§ Your goal
Could you retype the lines below, starting at the line holding "Made In Lab" and stopping at the line holding "[Full Tutorial] How", inclusive? Copy them exactly and drop the images.

§ Data
BEGIN

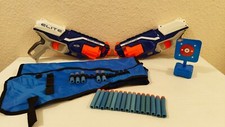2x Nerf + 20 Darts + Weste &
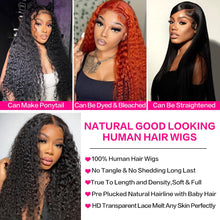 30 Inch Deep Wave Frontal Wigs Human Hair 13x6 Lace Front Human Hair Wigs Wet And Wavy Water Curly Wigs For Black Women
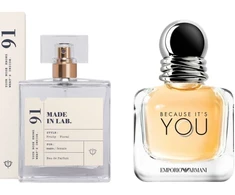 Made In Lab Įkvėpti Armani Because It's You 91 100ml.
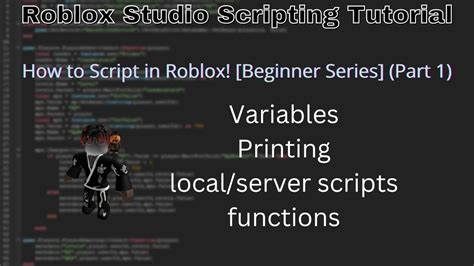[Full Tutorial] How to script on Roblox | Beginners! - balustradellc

END
BEGIN

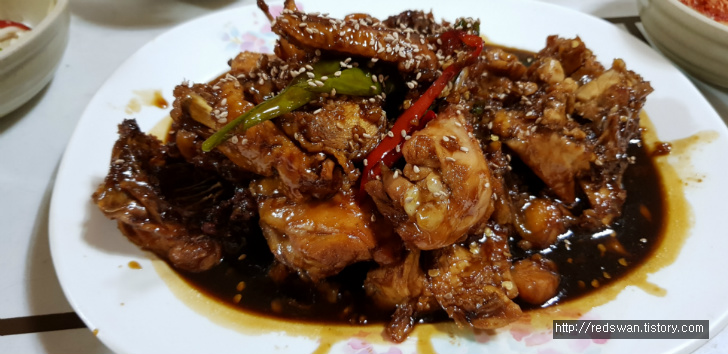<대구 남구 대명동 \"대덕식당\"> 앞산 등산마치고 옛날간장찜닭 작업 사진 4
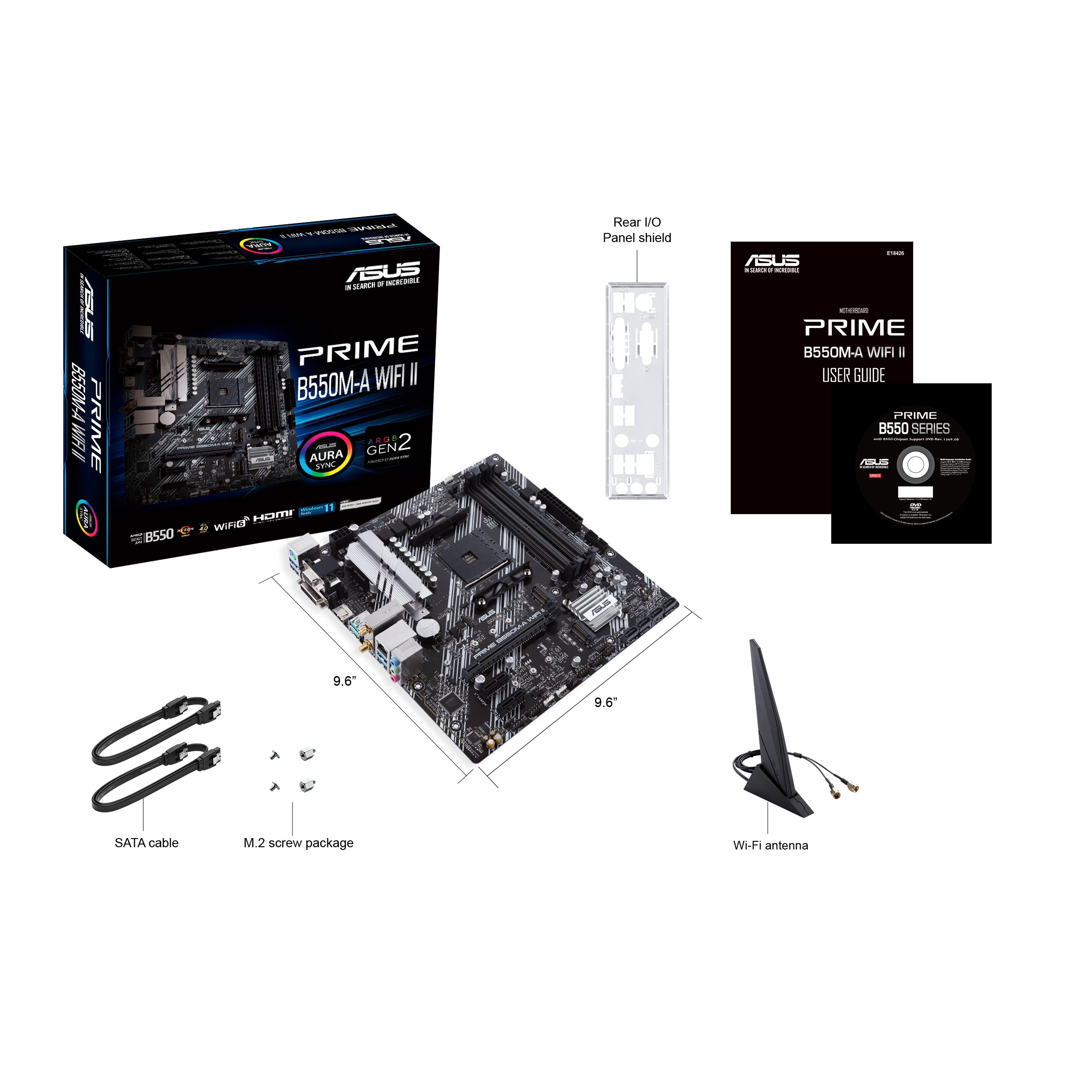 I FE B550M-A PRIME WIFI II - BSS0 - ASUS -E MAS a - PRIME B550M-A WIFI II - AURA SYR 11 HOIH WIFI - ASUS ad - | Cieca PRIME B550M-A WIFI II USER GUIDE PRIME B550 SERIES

END

§ Exercise output
 Made In Lab Įkvėpti Armani Because It's You 91 100ml.
[Full Tutorial] How to script on Roblox | Beginners! - balustradellc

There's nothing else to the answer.